WHAT YOU NEED TO DO. Quote all of the data that follows exactly as written, skipping the images.

(Data records)
'''

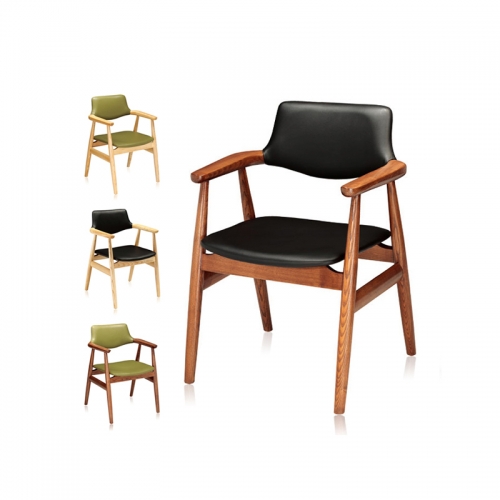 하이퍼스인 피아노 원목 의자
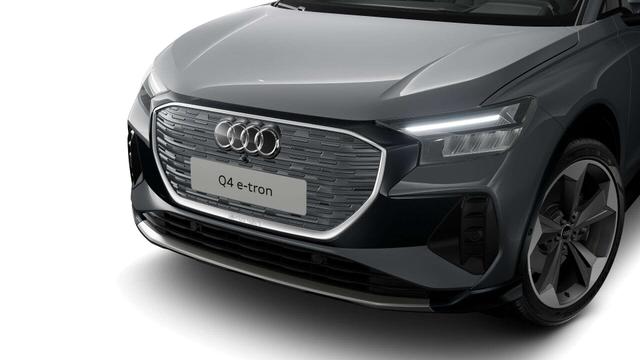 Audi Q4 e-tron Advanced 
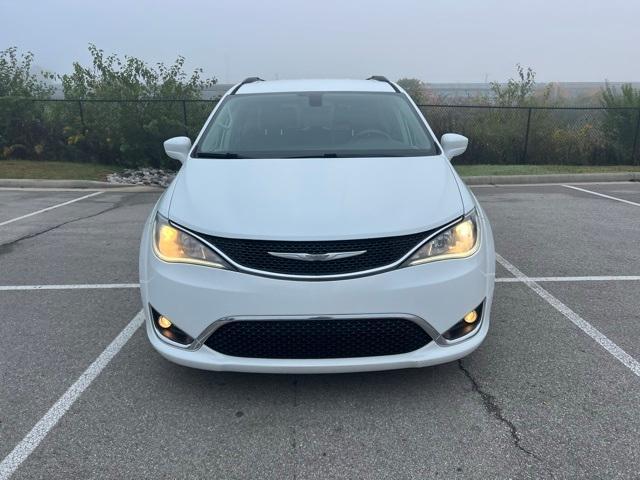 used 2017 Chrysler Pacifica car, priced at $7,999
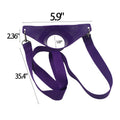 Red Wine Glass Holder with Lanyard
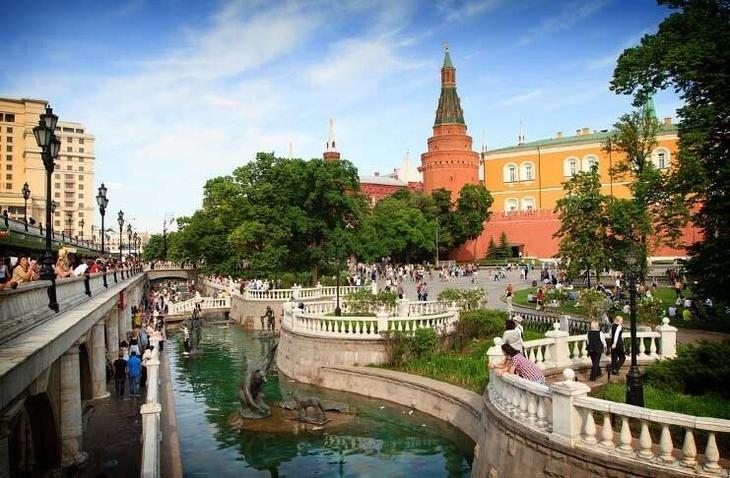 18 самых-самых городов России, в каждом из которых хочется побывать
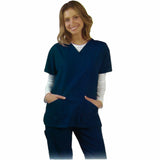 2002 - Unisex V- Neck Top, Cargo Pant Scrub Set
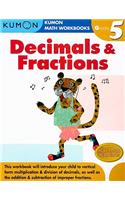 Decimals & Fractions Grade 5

'''

PROBLEM SOLUTION.
 하이퍼스인 피아노 원목 의자
 Audi Q4 e-tron Advanced 
 used 2017 Chrysler Pacifica car, priced at $7,999
 Red Wine Glass Holder with Lanyard
 18 самых-самых городов России, в каждом из которых хочется побывать
 2002 - Unisex V- Neck Top, Cargo Pant Scrub Set
 Decimals & Fractions Grade 5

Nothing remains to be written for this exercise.